Shedley modelled the figures on the Elizabeth fountain at Windsor Green and the council chambers.
He designed street floats for the Adelaide Festival of Arts in 1960 and 1962.
He created the massive bas relief fountain sculpture Fire and Earth, a feature of the pond at Windsor Green, Elizabeth.
He created the sculpture The Rainmakers, the first major public artwork in South Australia to depict traditional Aboriginals, sponsored by Eugen Lohmann of Remscheid-Lennep, West Germany, and unveiled at Christies Beach on 21 May 1965.
While on overseas trips he purchased various works for the Art Gallery of South Australia.

His painting The Parable of the Blind Men is held by the Art Gallery of South Australia.

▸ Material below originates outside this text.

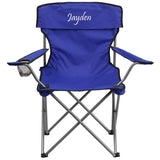 Personalized Folding Camping Chair with Drink Holder in Blue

Geoffrey and Mary Shedley were members of "Group 9", founded by Dorrit Black, whose members included Lisette Kohlhagen, Mary Harris, Ernst Milston, Marjorie Gwynne, John Dowie and Ruby Henty, all members of the Royal South Australian Society of Arts. Shedley was, with his friend Dowie, a member of Adelaide's Savage Club.

==Family==
On 10 April 1942 Shedley married Mary Hackett, a fellow art student; they had three daughters. While living at Glenelg, he planned and built their family home at 12 Royal Avenue, Burnside. He died of a cerebral haemorrhage on 19 August 1981 at Toorak Gardens and was buried in the cemetery at St Jude's Church, Brighton.